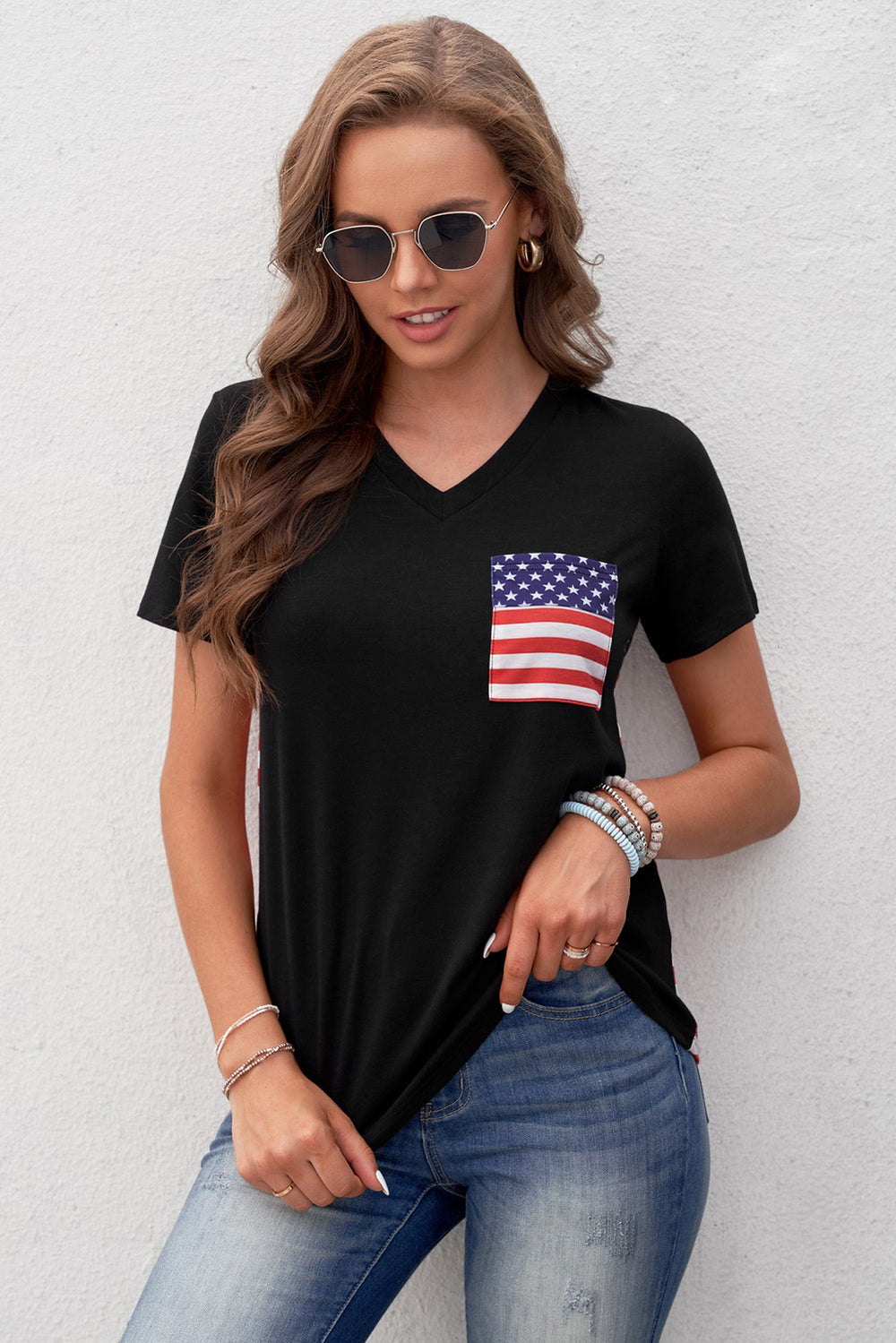 Women's Short Sleeve Black USA Flag Print T-shirt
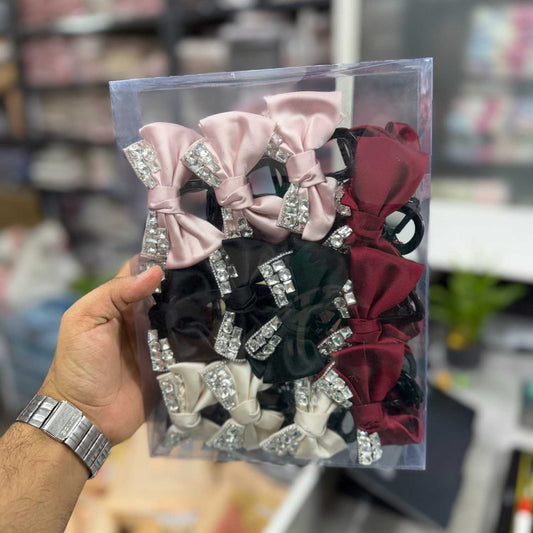 Premium stone bow hair claw (3Pcs)  - UBKWS2624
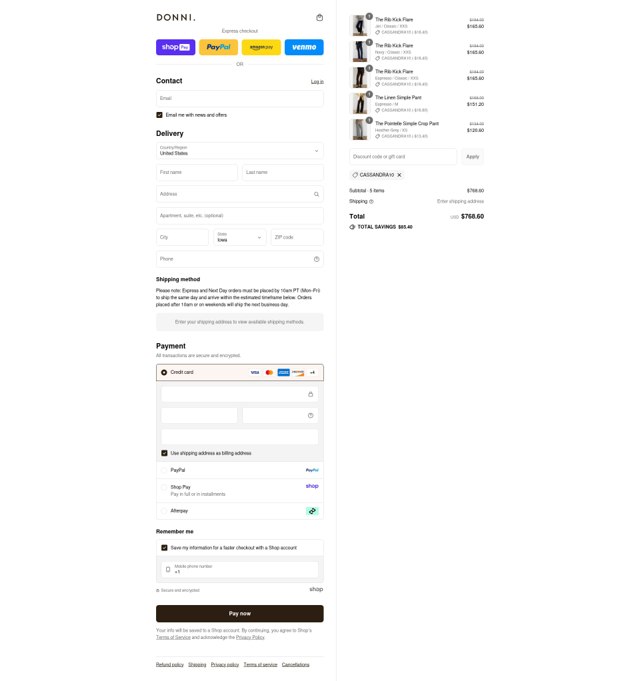 Donni. checkout page showing Donni. promo code box | Screenshot taken by SimplyCodes community member on Aug 26, 2025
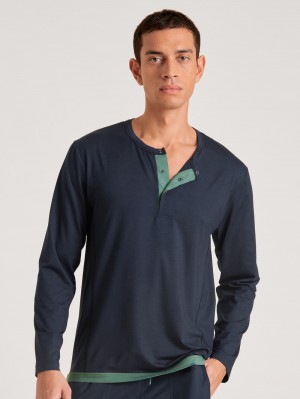 Calida Dsw Balancing Shirt Long-sleeve Deepsleepwear Herren Dunkel | 90436-NPQZ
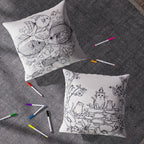 2er Set DIY Malen: Kissenbezug mit 8 Wasserfarbstiften, 45x45 cm, Fisch und Katze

What you should do → Your task is an exact transcription of all the data, minus the pictures.

Exercise output →
 Women's Short Sleeve Black USA Flag Print T-shirt
 Premium stone bow hair claw (3Pcs)  - UBKWS2624
 Donni. checkout page showing Donni. promo code box | Screenshot taken by SimplyCodes community member on Aug 26, 2025
 Calida Dsw Balancing Shirt Long-sleeve Deepsleepwear Herren Dunkel | 90436-NPQZ
 2er Set DIY Malen: Kissenbezug mit 8 Wasserfarbstiften, 45x45 cm, Fisch und Katze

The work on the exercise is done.